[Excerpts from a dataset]
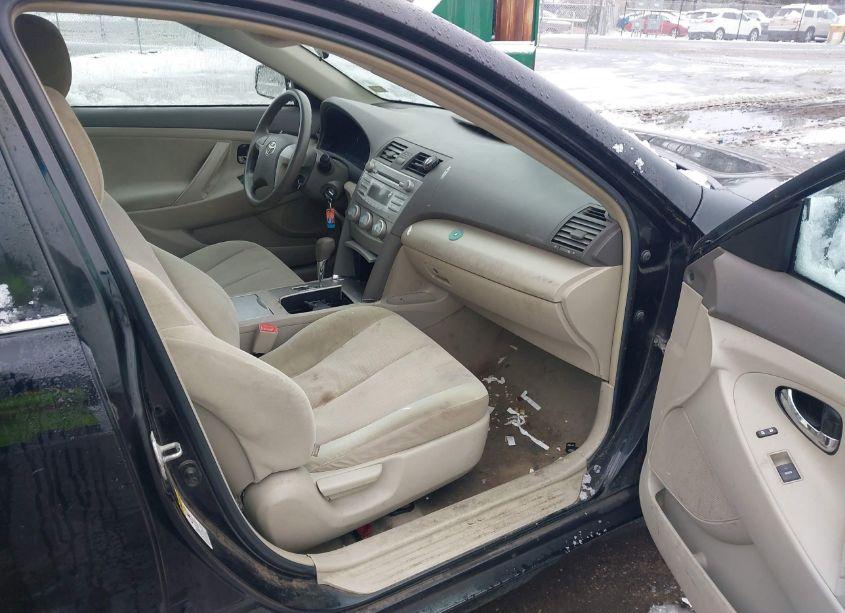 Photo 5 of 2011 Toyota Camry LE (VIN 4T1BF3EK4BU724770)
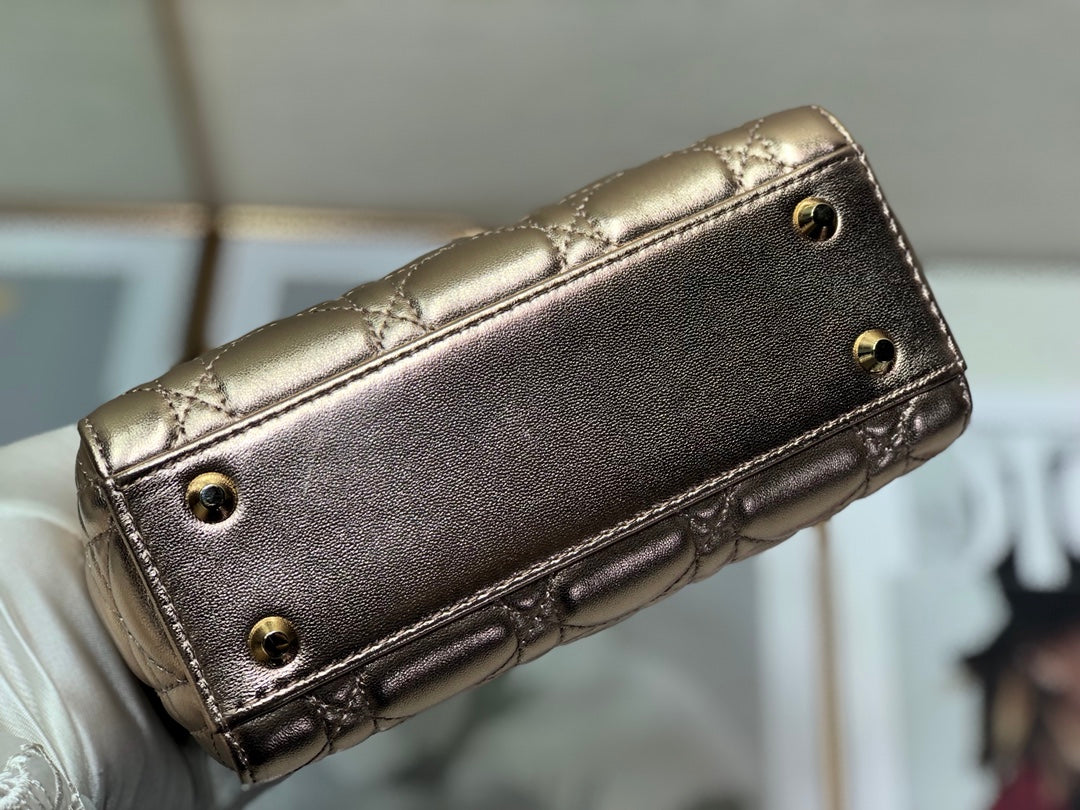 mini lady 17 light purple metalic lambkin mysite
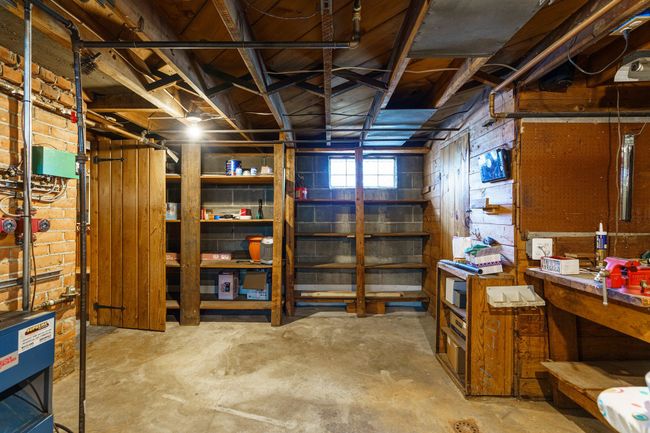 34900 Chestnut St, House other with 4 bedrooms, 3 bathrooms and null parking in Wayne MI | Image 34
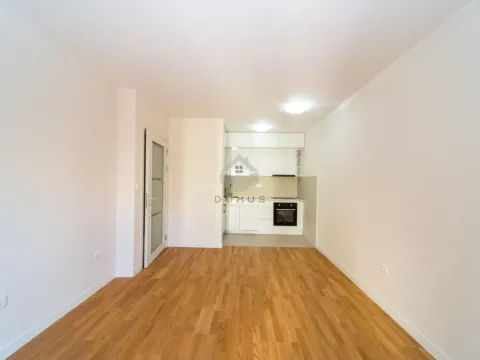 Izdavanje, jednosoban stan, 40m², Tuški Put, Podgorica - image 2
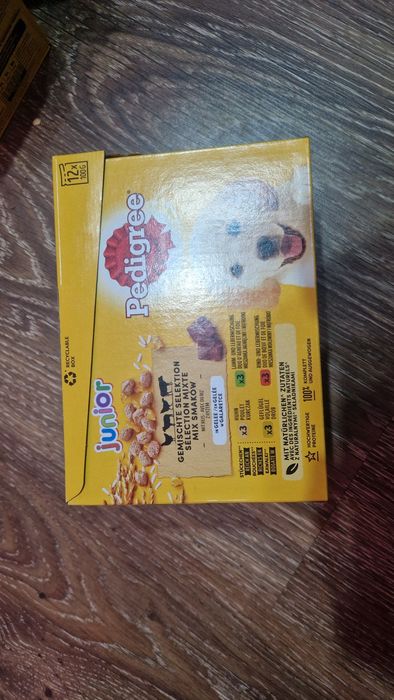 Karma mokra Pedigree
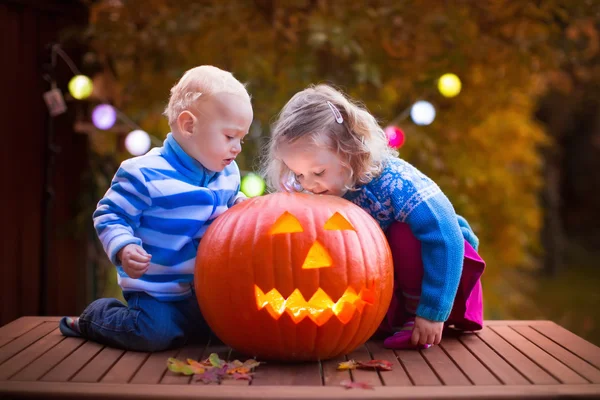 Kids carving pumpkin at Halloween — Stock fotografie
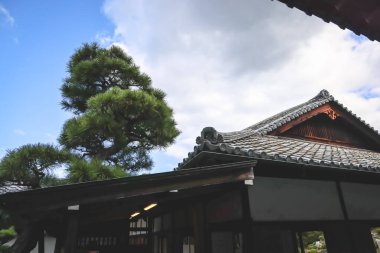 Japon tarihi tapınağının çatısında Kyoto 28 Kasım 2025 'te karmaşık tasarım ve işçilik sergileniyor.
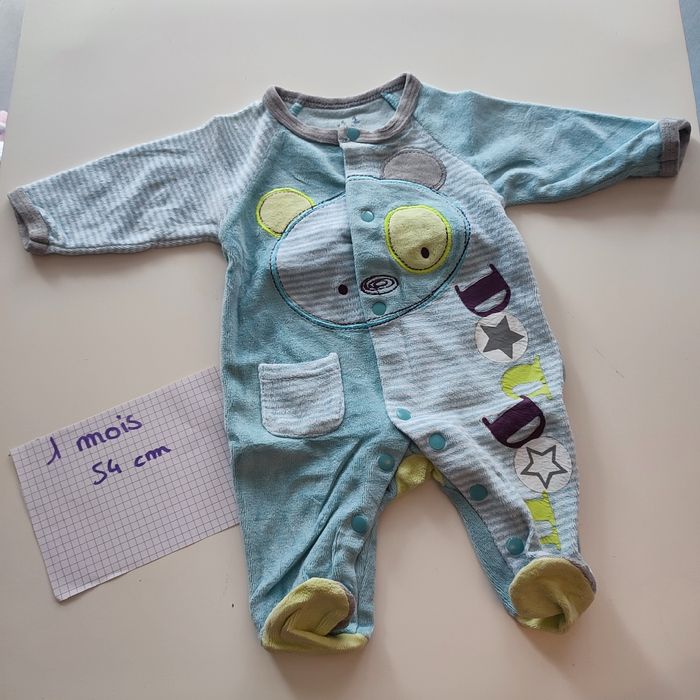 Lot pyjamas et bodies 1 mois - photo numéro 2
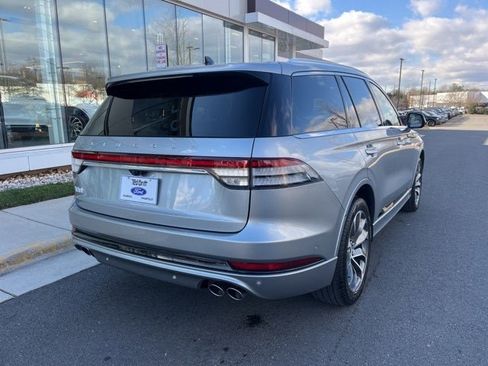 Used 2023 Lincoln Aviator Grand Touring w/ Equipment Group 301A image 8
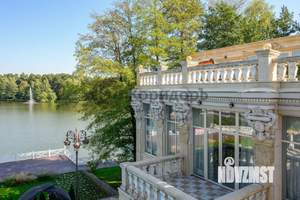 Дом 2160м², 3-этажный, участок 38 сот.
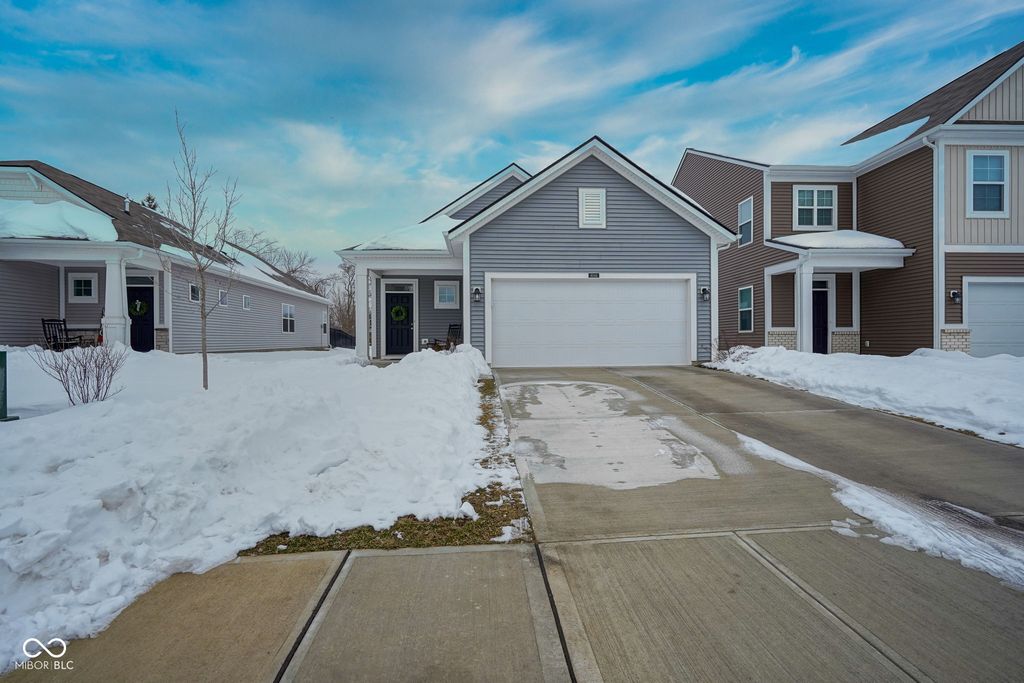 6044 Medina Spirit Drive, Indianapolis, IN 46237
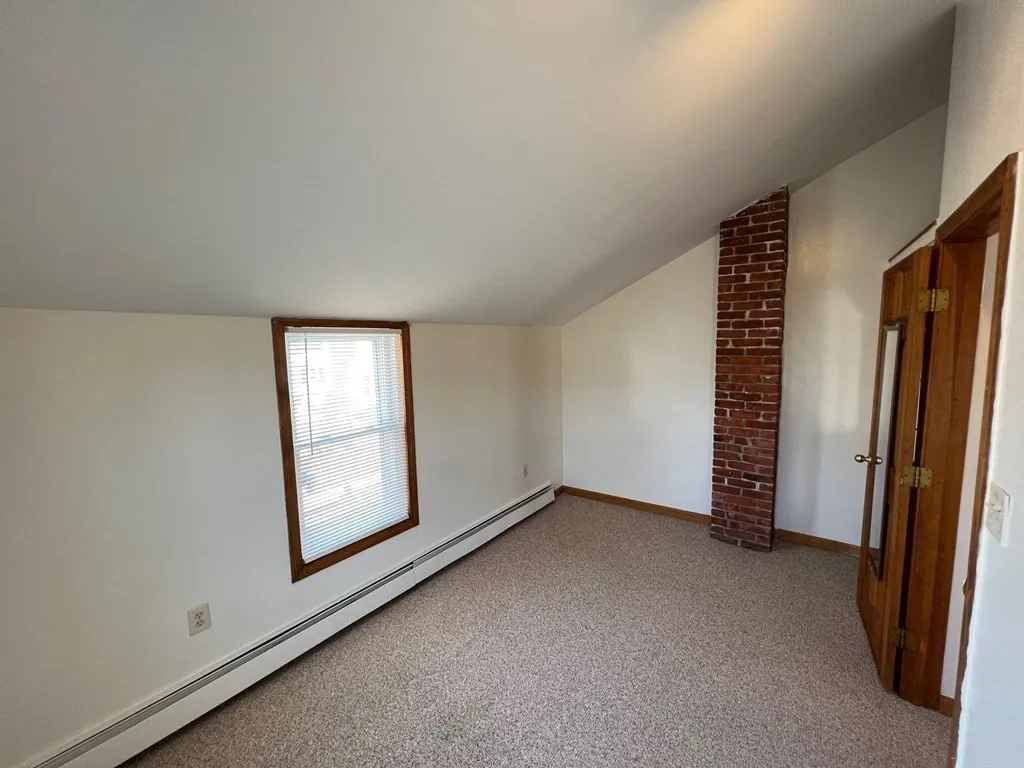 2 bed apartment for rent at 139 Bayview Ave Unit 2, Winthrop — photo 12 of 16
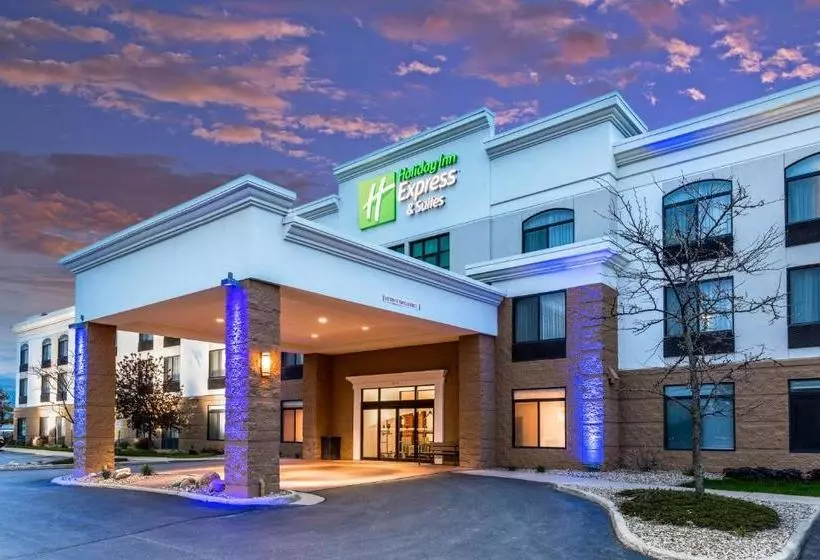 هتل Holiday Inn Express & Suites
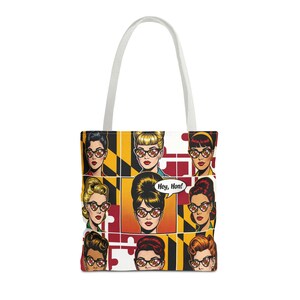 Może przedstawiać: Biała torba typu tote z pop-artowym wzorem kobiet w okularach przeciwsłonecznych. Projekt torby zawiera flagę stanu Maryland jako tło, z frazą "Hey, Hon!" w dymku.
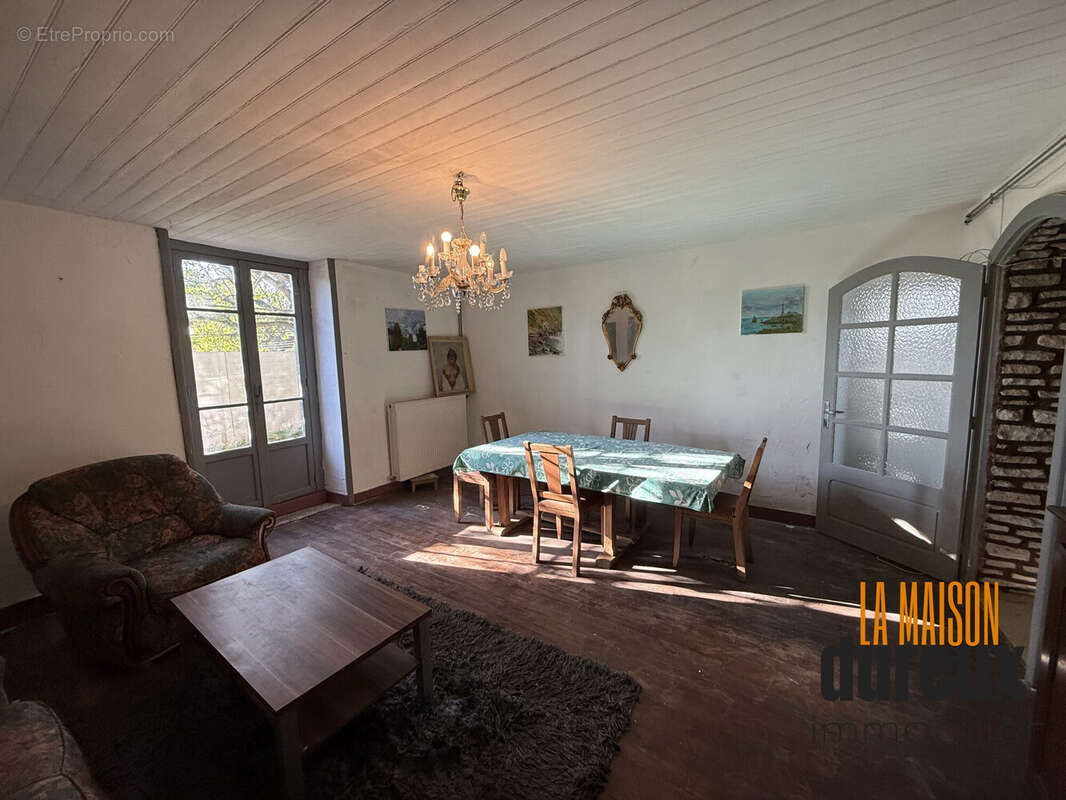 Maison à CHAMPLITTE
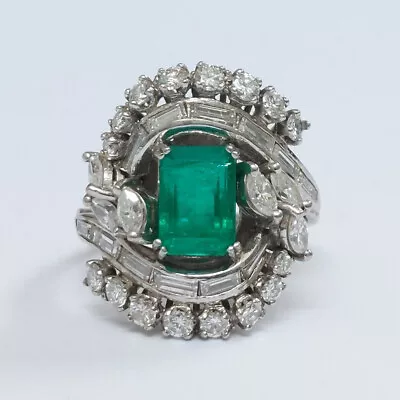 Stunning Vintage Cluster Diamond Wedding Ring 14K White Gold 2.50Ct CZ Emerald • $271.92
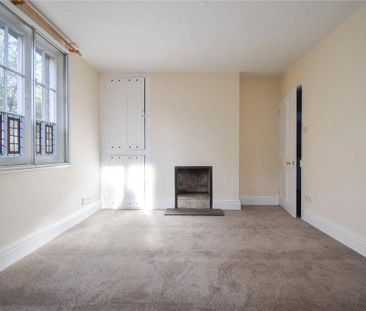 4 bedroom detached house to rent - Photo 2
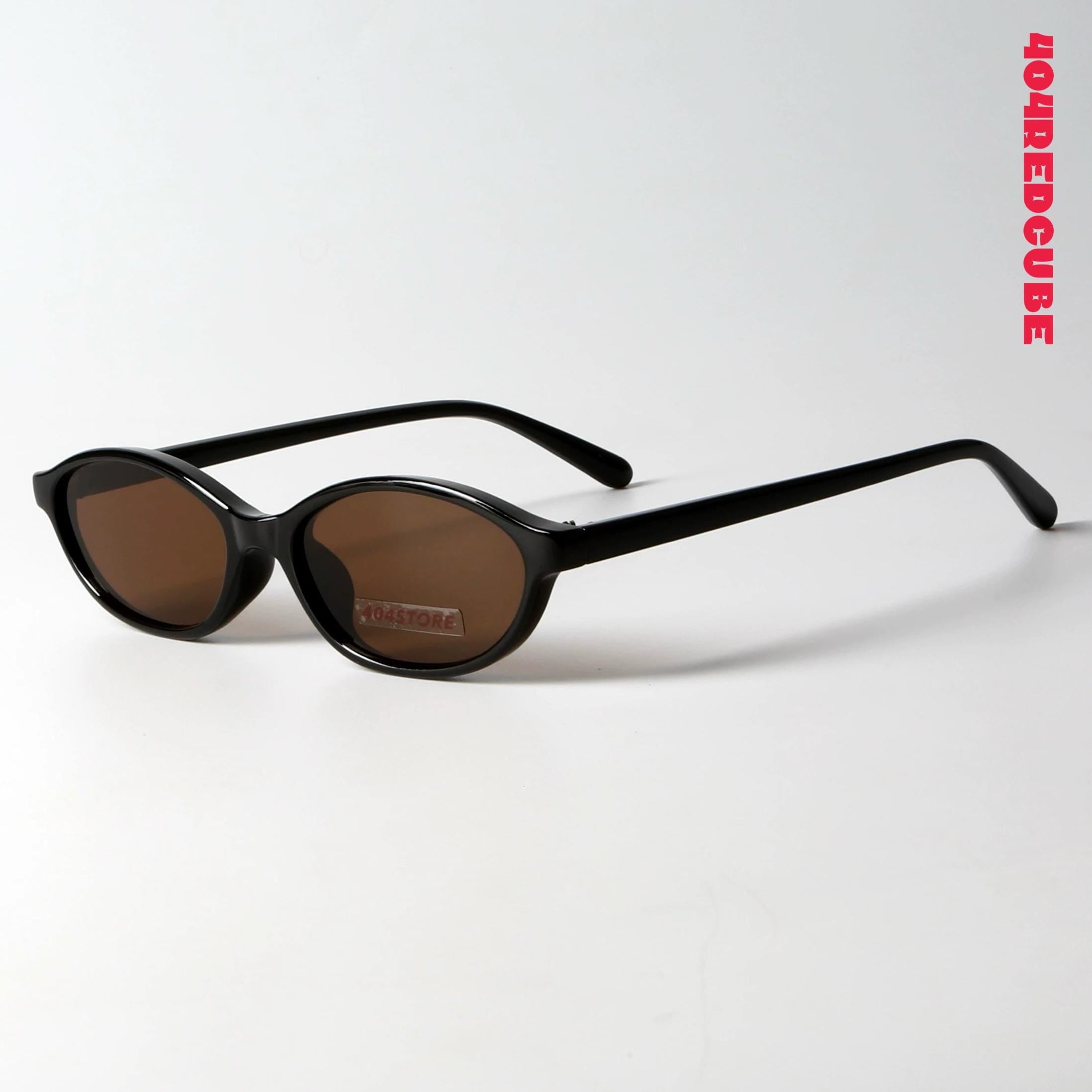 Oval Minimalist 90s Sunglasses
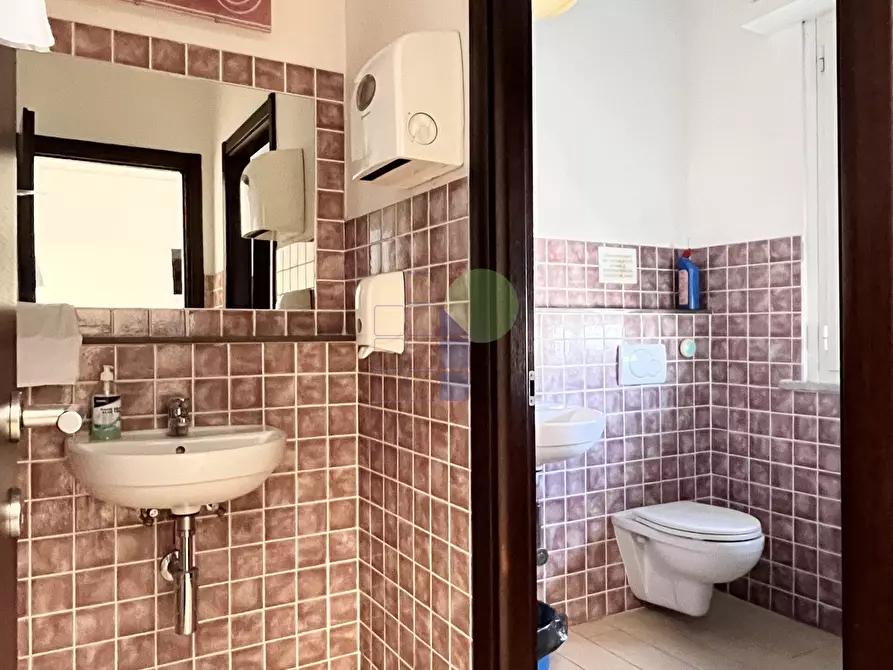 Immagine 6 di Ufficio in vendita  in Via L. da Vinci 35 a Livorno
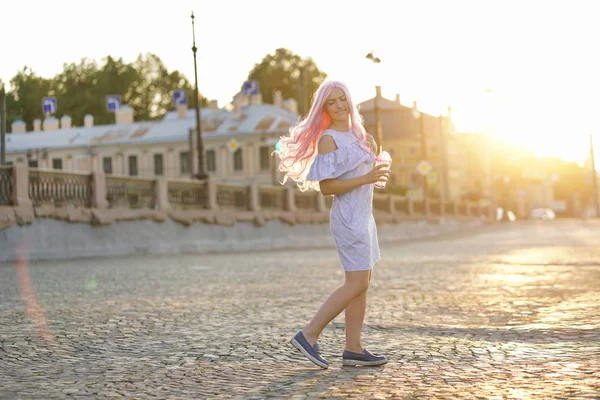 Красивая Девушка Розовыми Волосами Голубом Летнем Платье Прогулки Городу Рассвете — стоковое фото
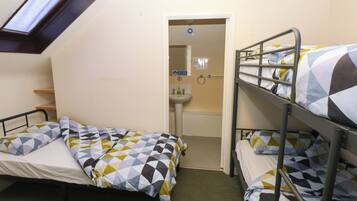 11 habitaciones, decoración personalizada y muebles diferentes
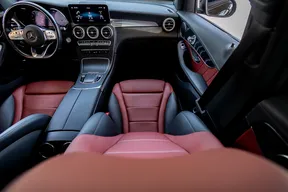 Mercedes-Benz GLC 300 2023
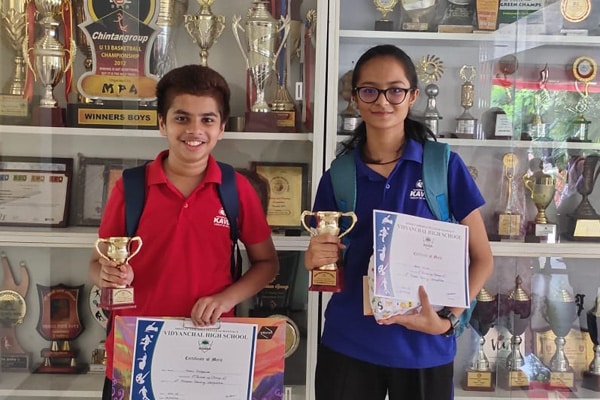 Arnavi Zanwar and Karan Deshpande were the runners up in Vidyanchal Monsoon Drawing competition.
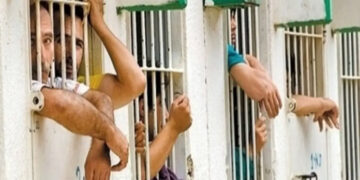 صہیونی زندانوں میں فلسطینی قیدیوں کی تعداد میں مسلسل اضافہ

Exercise:
The entries above should be retyped exactly, minus any pictures.

Response:
 Photo 5 of 2011 Toyota Camry LE (VIN 4T1BF3EK4BU724770)
 mini lady 17 light purple metalic lambkin mysite
 34900 Chestnut St, House other with 4 bedrooms, 3 bathrooms and null parking in Wayne MI | Image 34
 Izdavanje, jednosoban stan, 40m², Tuški Put, Podgorica - image 2
 Karma mokra Pedigree
 Kids carving pumpkin at Halloween — Stock fotografie
 Japon tarihi tapınağının çatısında Kyoto 28 Kasım 2025 'te karmaşık tasarım ve işçilik sergileniyor.
 Lot pyjamas et bodies 1 mois - photo numéro 2
 Used 2023 Lincoln Aviator Grand Touring w/ Equipment Group 301A image 8
 Дом 2160м², 3-этажный, участок 38 сот.
 6044 Medina Spirit Drive, Indianapolis, IN 46237
 2 bed apartment for rent at 139 Bayview Ave Unit 2, Winthrop — photo 12 of 16
 هتل Holiday Inn Express & Suites
 Może przedstawiać: Biała torba typu tote z pop-artowym wzorem kobiet w okularach przeciwsłonecznych. Projekt torby zawiera flagę stanu Maryland jako tło, z frazą "Hey, Hon!" w dymku.
 Maison à CHAMPLITTE
 Stunning Vintage Cluster Diamond Wedding Ring 14K White Gold 2.50Ct CZ Emerald • $271.92
 4 bedroom detached house to rent - Photo 2
 Oval Minimalist 90s Sunglasses
 Immagine 6 di Ufficio in vendita  in Via L. da Vinci 35 a Livorno
 Красивая Девушка Розовыми Волосами Голубом Летнем Платье Прогулки Городу Рассвете — стоковое фото
 11 habitaciones, decoración personalizada y muebles diferentes
 Mercedes-Benz GLC 300 2023
 Arnavi Zanwar and Karan Deshpande were the runners up in Vidyanchal Monsoon Drawing competition.
 صہیونی زندانوں میں فلسطینی قیدیوں کی تعداد میں مسلسل اضافہ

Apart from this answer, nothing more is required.